Un de ces projets majeurs, d’une importance capitale pour l’Histoire du christianisme et son expansion, à la fois en Égypte et au-delà, est la traduction de la Torah en grec. Il faut savoir que le grec est, pour les hommes cultivés de l’époque, à la manière de l’anglais de nos jours, le langage universel, la langue des savants et les nouvelles générations de juifs alexandrins comprennent parfois bien mieux le grec que l’hébreu. Cette traduction sera appelé, la ‘Bible’ des Septante, le ‘Livre’ universel. Nos amis belges l’ont sûrement déjà compris, cette traduction est dite des Septante en l’honneur des soixante dix intellectuels, savants et théologiens juifs qui l’ont réalisé. Ce texte est d’une importance capitale et servira de base à la christianisation des païens mais elle revêt déjà une grande importance pour la communauté juive d’Alexandrie qui célèbre par une fête annuelle la traduction de la Torah en grec.

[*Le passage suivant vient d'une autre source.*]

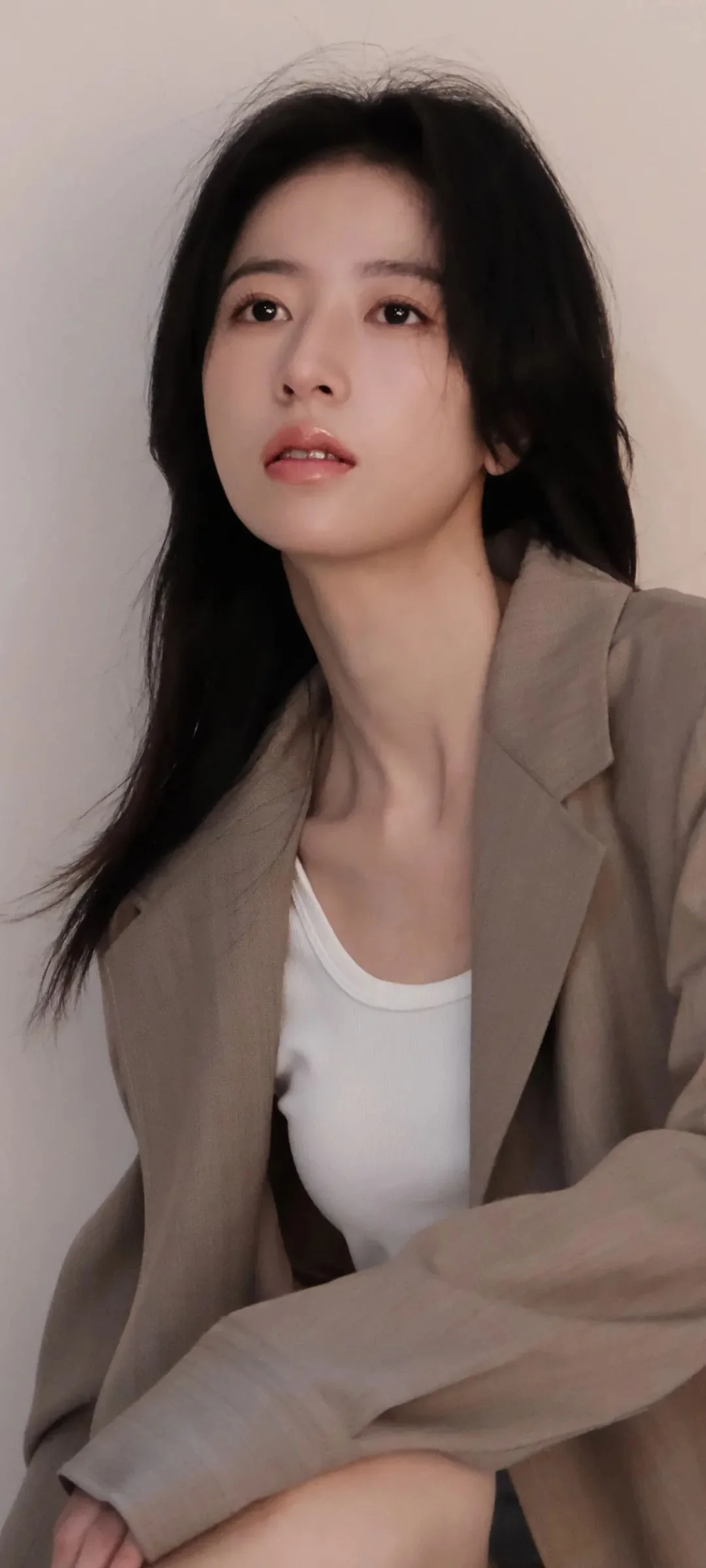 一位成年女性穿着米色西装外套和白色上衣，面对镜头拍摄肖像照。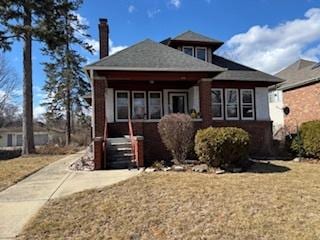 bungalow-style home featuring a front yard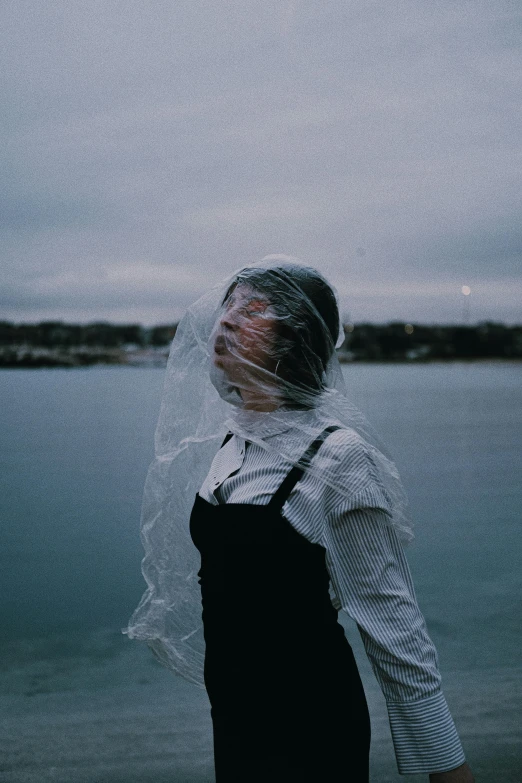 the woman is standing by the water wearing her veil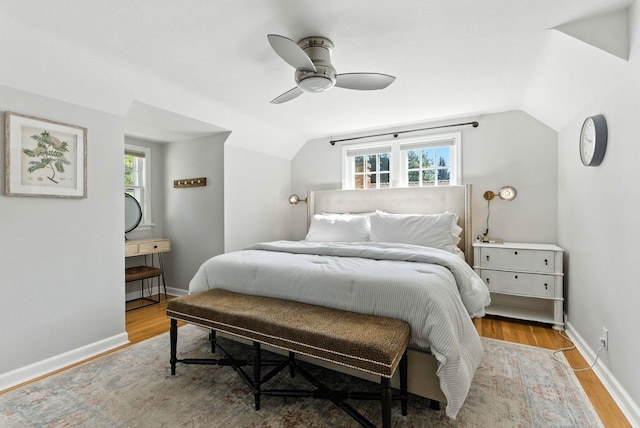 914 E 17th Ave, Spokane, WA 99203 - bedroom featuring vaulted ceiling, wood finished floors, and multiple windows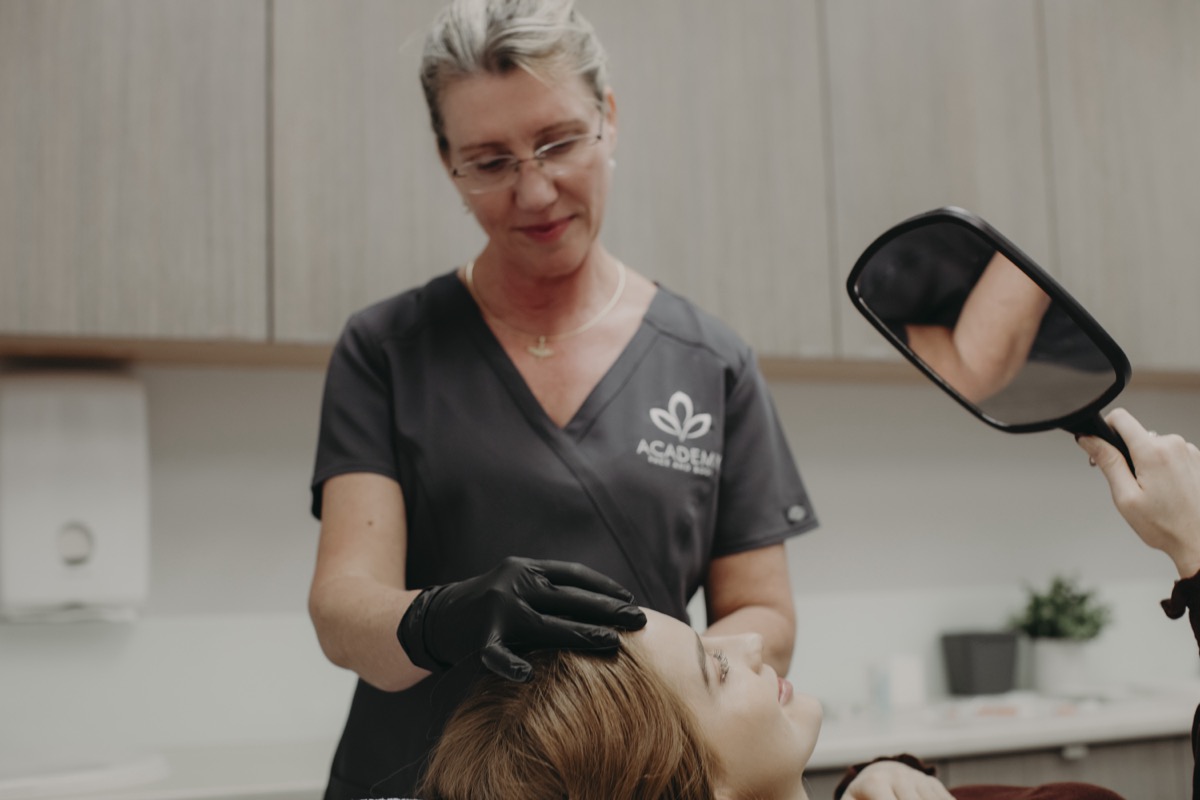 Cheek filler treatment with visible results.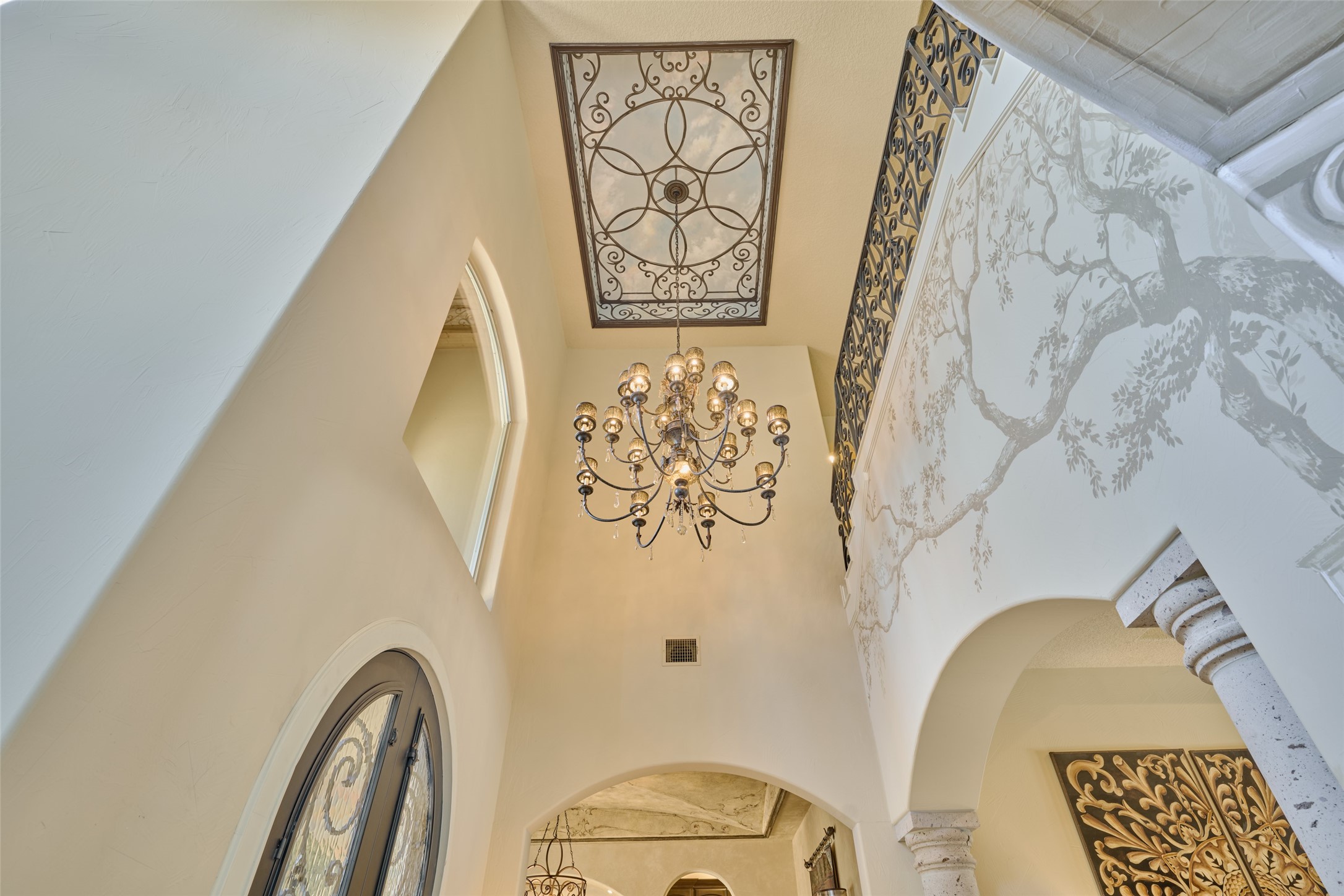 Custom painted foyer with grand chandelier.  Special feature of this lighting is a second-floor motorized control that lowers the chandelier for changing the bulbs or cleaning.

La tradition ecclésiastique transmise par les Pères de l’Église universelle nous rapporte cet épisode de la vie de Siméon, théologien juif qui participa à l’élaboration de la Bible des Septante. Il révisa entre autres la traduction du Saint Livre du prophète Isaïe mais son esprit ne put concevoir l’incarnation annoncée par les écritures : Voici que la vierge concevra et enfantera un fils auquel on donnera le nom d’Emmanuel »8, il voulut alors remplacer le terme ‘vierge’ par ‘jeune fille’. Mais lorsqu’il prit sa plume pour réaliser son dessein, celle-ci se cassa à maintes reprises. Il se rendit compte de la sainteté de la parole divine et sut par l’Esprit qu’il ne mourrait pas avant de voir cette Vierge et ‘Emmanuel’ qui se traduit « Dieu avec nous » ;  il partit alors résider à Jérusalem.

Or, il y avait à Jérusalem un homme du nom de Siméon. Cet homme était juste et pieux, il attendait la consolation d’Israël et l’Esprit Saint était sur lui. Il lui avait été révélé par l’Esprit Saint qu’il ne verrait pas la mort avant d’avoir vu le Christ du Seigneur. Il vint alors au temple poussé par l’Esprit ; et quand les parents de l’enfant Jésus l’amenèrent pour faire ce que la Loi prescrivait à son sujet, il le prit dans ses bras et il bénit Dieu en ces termes : « Maintenant, Maître, c’est en paix, comme tu l’as dit, que tu renvois ton serviteur. Car mes yeux ont vu ton salut, que tu as préparé face à tous les peuples : lumière pour la révélation aux païens et gloire d’Israël ton peuple. »9

La bénédiction du Christ à l’Égypte

Voici donc le portrait de l’Égypte au début de notre ère. Une Égypte qui possède désormais tous les outils nécessaires à la christianisation. Tout a été préparé pour ce que le Roi des rois bénisse son peuple, comme l’annonçait Osée le prophète, huit siècles auparavant. Quand Israël était jeune je l’ai aimé, et d’Égypte j’ai appelé mon fils.10

Et le Christ naquit ! Ce fût le début de notre ère. L’évangile nous conte la naissance du divin enfant, l’apparition des anges aux bergers clamant des louanges au Seigneur et surtout la visite des rois mages. Ces derniers venus adorer le bébé emmailloté en suivant l’étoile, passèrent d’abord à Jérusalem et rencontrèrent Hérode, le roi des Juifs, qui comprit par eux et les prophéties qu’un roi est né. Il crut que ce nouveau souverain le priverait de son royaume, il voulut alors éliminer le Fils de Dieu ! Il tenta bien de convaincre les mages de le prévenir lorsqu’ils trouveront l’enfant mais ils ne revinrent jamais à lui. Fou de rage, il décida de faire périr tous les nouveaux nés de Bethléem, car le prophète Michée avait prophétisé où devait naître le Messie : Et toi, Bethléem, terre de Juda, tu n’es certes pas le plus petit des chefs lieux de Juda : car c’est de toi que sortira le chef qui fera paître Israël, mon peuple.11

Encore bébé, le Fils de Dieu tout-puissant doit fuir, c’est la fuite en Égypte de la Sainte Famille, la bénédiction du Seigneur à son peuple.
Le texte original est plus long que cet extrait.